> _What you have to do_:
Look for the word "number" in the entries and copy every line where it shows up.

> _The records_:
++++++++++++++++++++

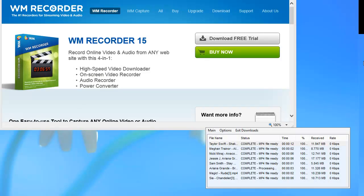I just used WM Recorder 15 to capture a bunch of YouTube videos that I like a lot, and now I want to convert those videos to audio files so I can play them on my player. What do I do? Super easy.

++++++++++++++++++++

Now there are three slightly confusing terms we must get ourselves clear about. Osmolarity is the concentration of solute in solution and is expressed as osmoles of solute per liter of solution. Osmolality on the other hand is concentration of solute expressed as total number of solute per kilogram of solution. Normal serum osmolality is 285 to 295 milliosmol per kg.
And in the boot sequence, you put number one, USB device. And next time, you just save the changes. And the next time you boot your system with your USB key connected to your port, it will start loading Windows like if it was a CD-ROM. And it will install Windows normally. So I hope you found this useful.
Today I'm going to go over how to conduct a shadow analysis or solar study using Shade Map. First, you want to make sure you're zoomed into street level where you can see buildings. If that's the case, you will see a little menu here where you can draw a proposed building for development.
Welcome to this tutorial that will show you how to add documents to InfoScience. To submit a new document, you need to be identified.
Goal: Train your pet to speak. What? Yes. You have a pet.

++++++++++++++++++++

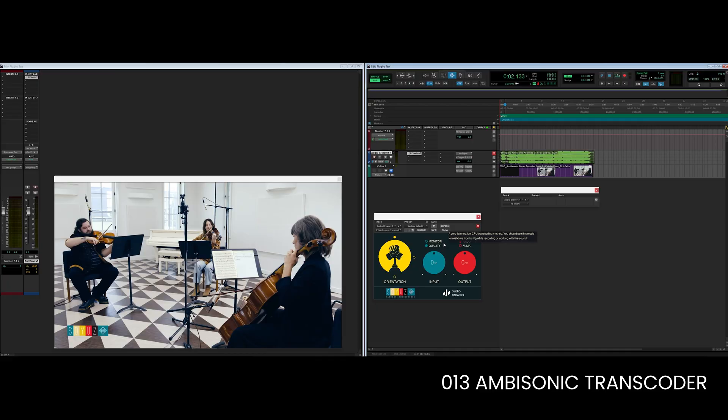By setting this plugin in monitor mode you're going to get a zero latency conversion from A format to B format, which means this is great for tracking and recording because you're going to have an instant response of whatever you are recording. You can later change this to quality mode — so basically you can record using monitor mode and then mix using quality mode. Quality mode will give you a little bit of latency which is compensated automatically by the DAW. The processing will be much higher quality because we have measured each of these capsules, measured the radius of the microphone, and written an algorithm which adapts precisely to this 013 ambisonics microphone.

++++++++++++++++++++

> _Written response_:
Now there are three slightly confusing terms we must get ourselves clear about. Osmolarity is the concentration of solute in solution and is expressed as osmoles of solute per liter of solution. Osmolality on the other hand is concentration of solute expressed as total number of solute per kilogram of solution. Normal serum osmolality is 285 to 295 milliosmol per kg.
And in the boot sequence, you put number one, USB device. And next time, you just save the changes. And the next time you boot your system with your USB key connected to your port, it will start loading Windows like if it was a CD-ROM. And it will install Windows normally. So I hope you found this useful.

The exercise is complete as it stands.